Extracted material –
· · · · ·
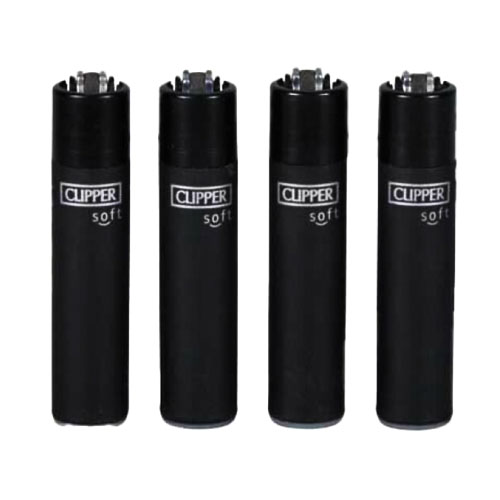 4 Clipper Classic aanstekers - Soft touch black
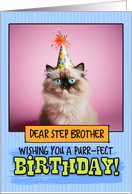 Step Brother Happy Birthday Himalayan Cat card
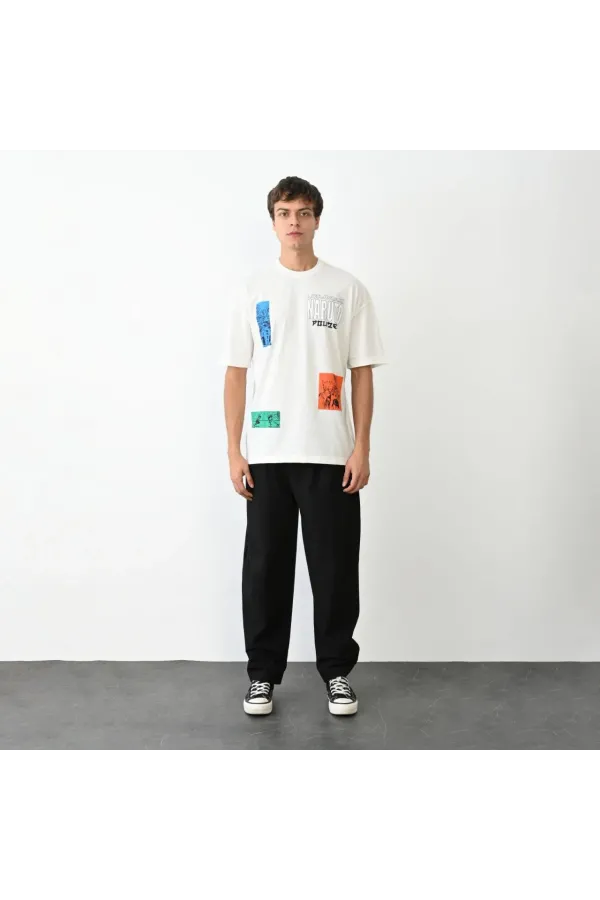 Unisex Bisiklet Yaka Baskılı Oversize T-Shirt - Beyaz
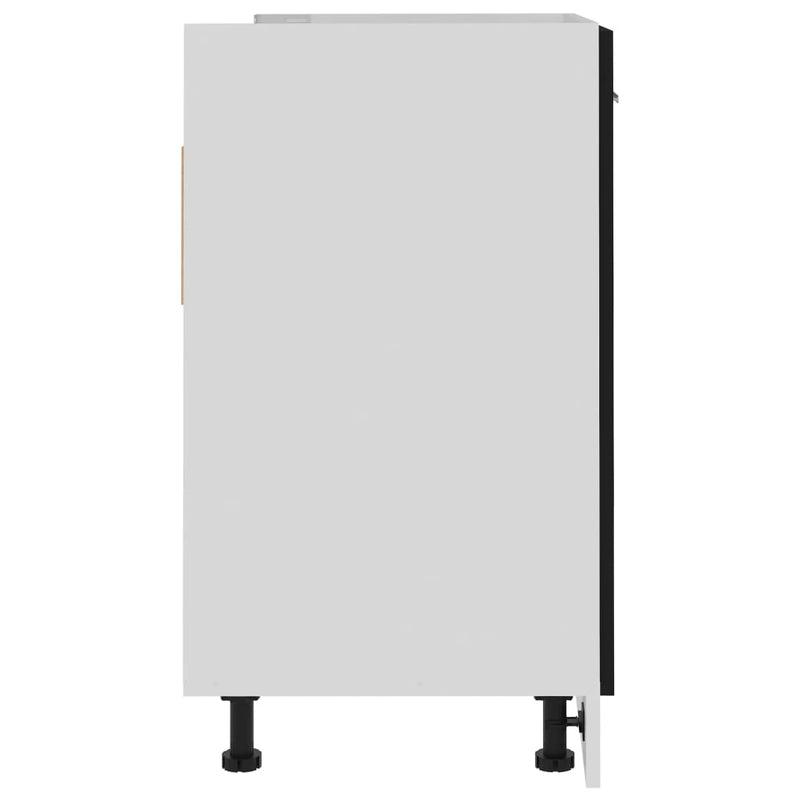 vidaXL fekete szerelt fa mosogató alsószekrény 80 x 46 x 81,5 cm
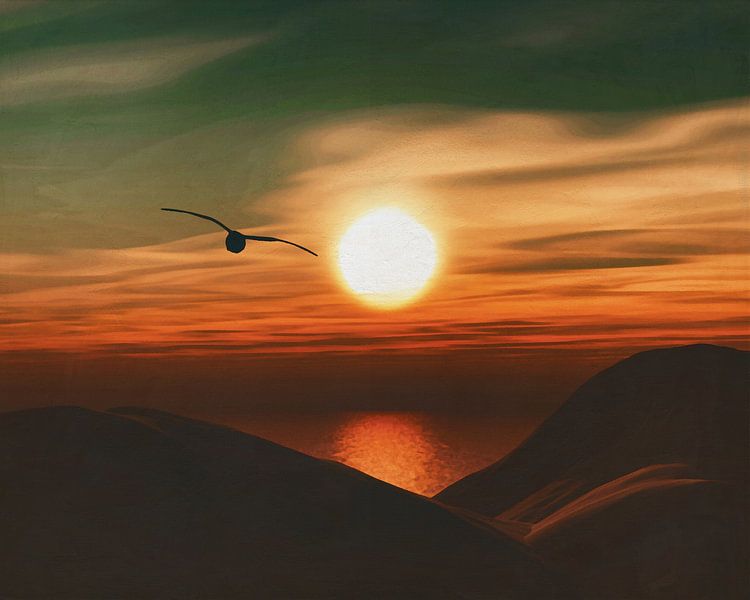 Zeemeeuw bij zonsondergang kust van Jan Keteleer (JanKé): Een reis voorbij het canvas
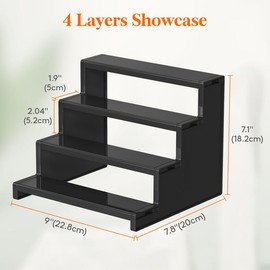 ãMother's Day Gift IdeasãLifewit 4 Tier Black Display Stand for Cologne,Perfume,Figures, Cupcake, Dessert, Spice, Fragrance, Countertop, Vanity, Dresser, Cabinet Use Racks Set:_12 inch_1 pack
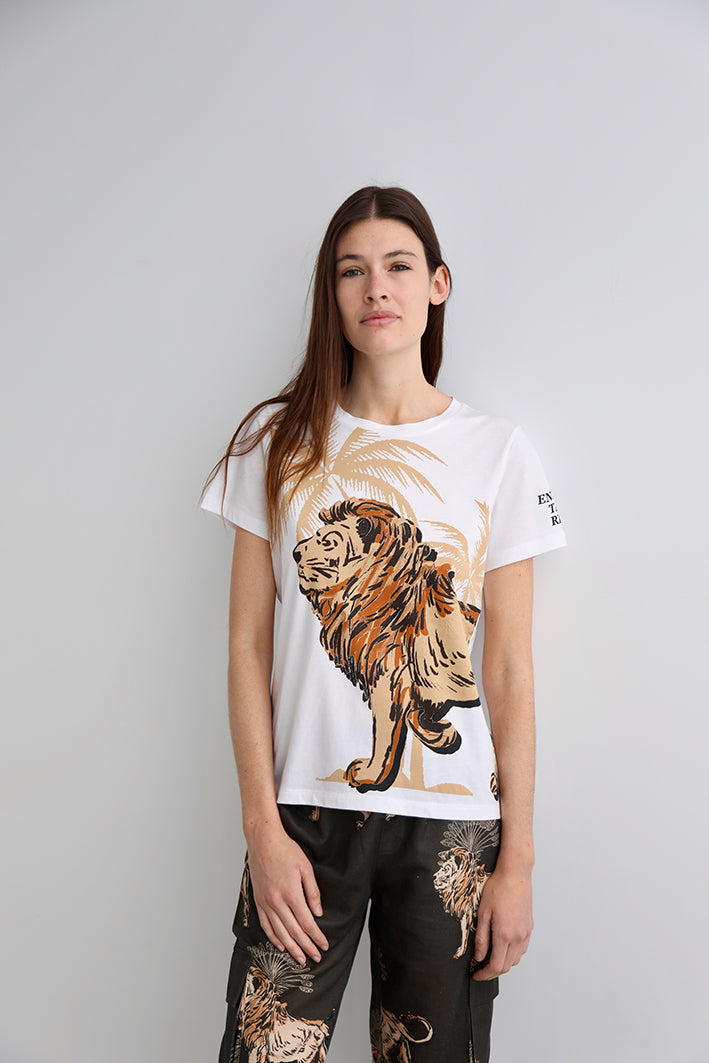 T-Shirt Lion Palms White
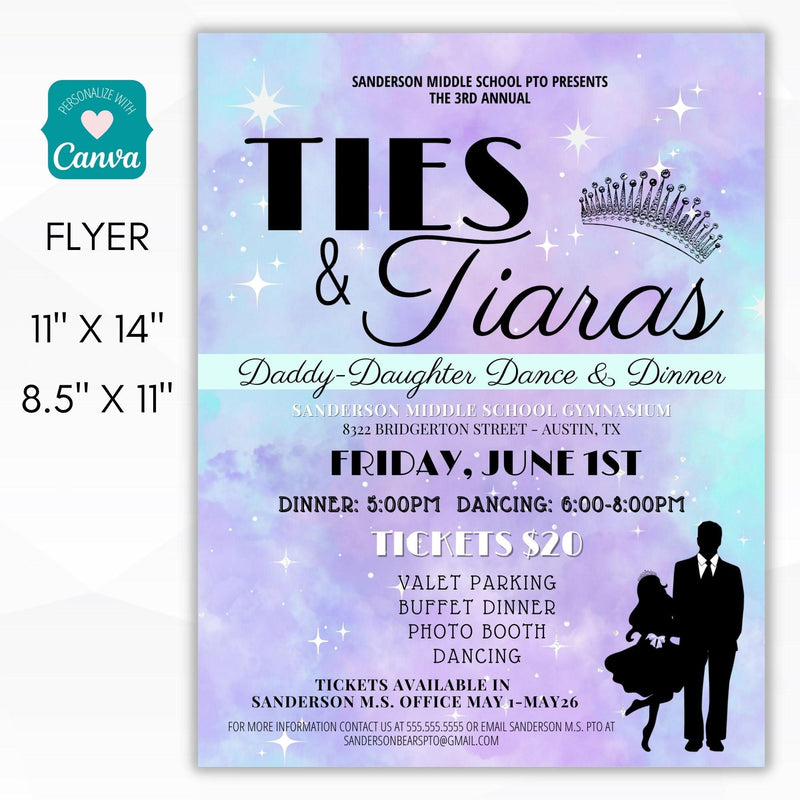 ties and tiaras daddy daughter dance flyer invitation set school pto pta ptc dance invite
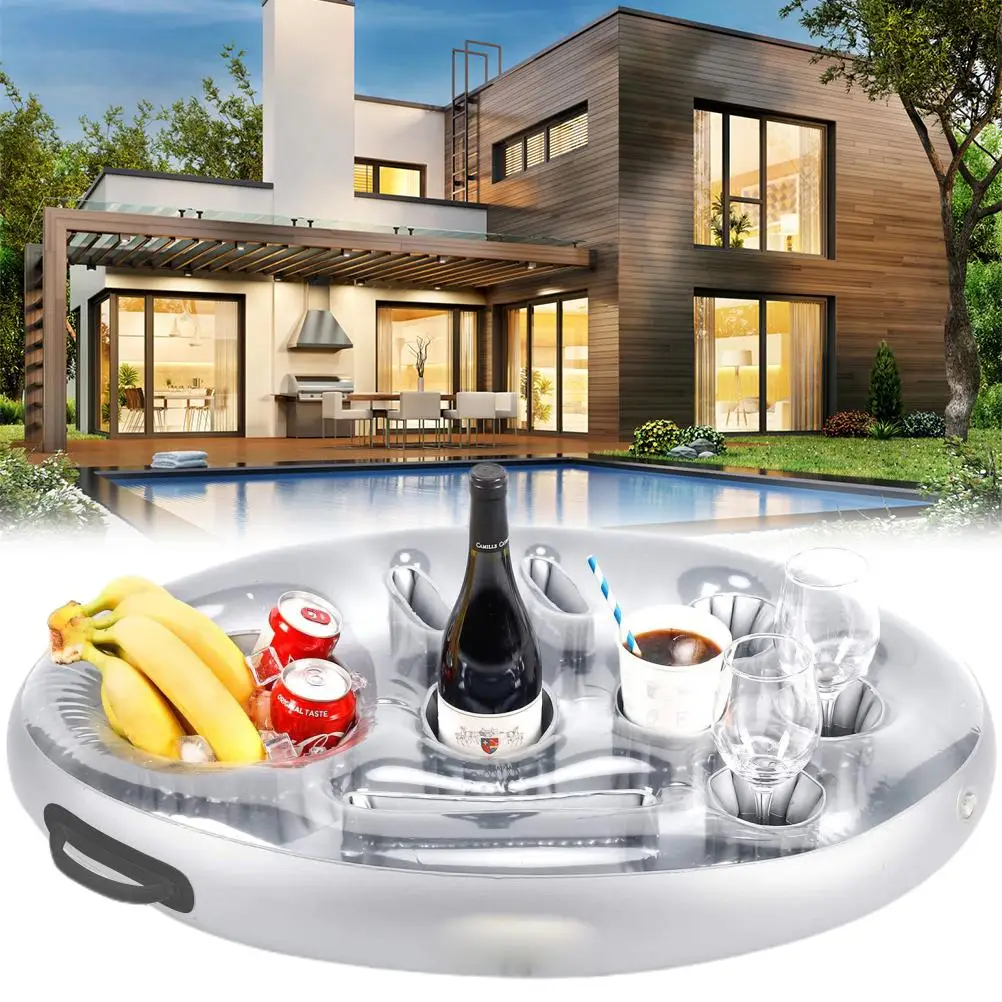 

Summer Party Bucket Cup Holder Inflatable Pool Float Beer Drink Cooler Table Bar Tray Portable Beach Swimming Ring Accessories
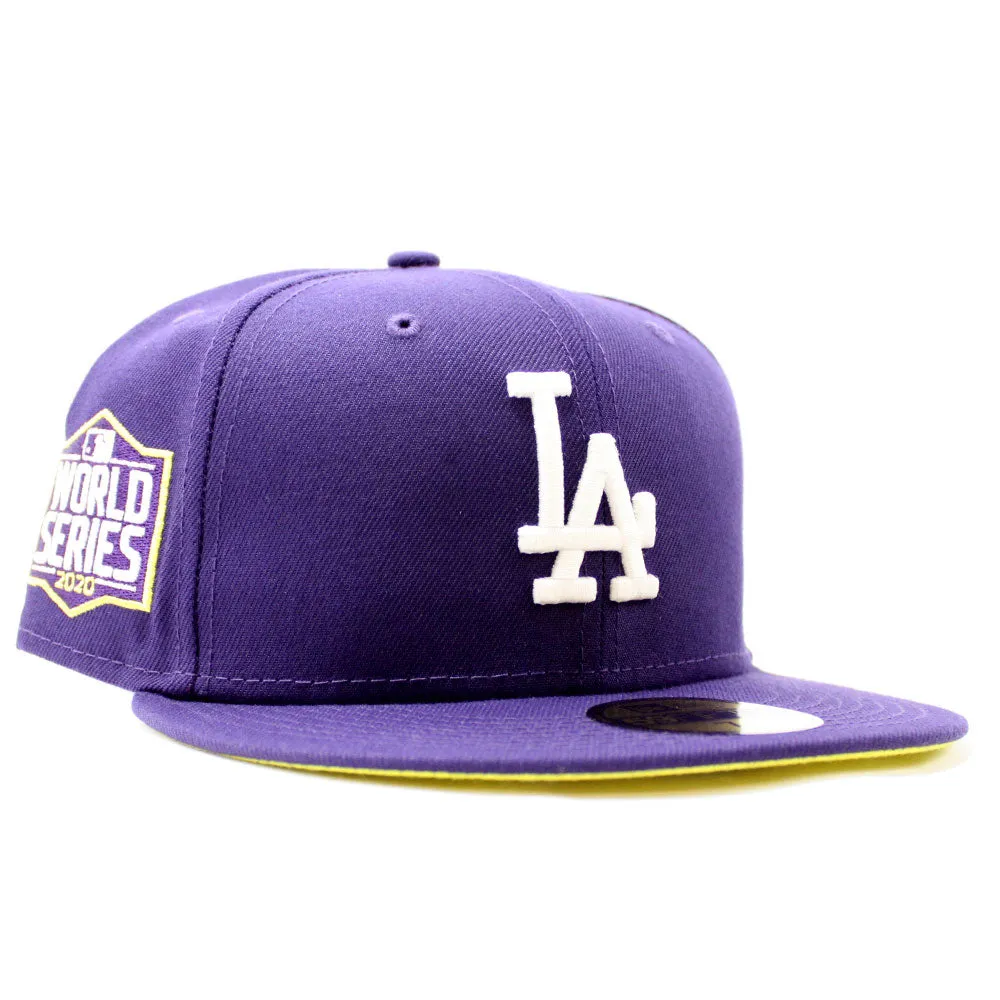 Los Angeles Dodgers 2020 World Series New Era 59Fifty Fitted Hat (Glow in the Dark Purple Bright Yellow Under Brim)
· · · · ·
Aim of the exercise – The first line of the entries, the line containing "Zeemeeuw bij zonsondergang", and every line between them are to be output exactly; pictures are not.

Response to this task –
 4 Clipper Classic aanstekers - Soft touch black
 Step Brother Happy Birthday Himalayan Cat card
 Unisex Bisiklet Yaka Baskılı Oversize T-Shirt - Beyaz
 vidaXL fekete szerelt fa mosogató alsószekrény 80 x 46 x 81,5 cm
 Zeemeeuw bij zonsondergang kust van Jan Keteleer (JanKé): Een reis voorbij het canvas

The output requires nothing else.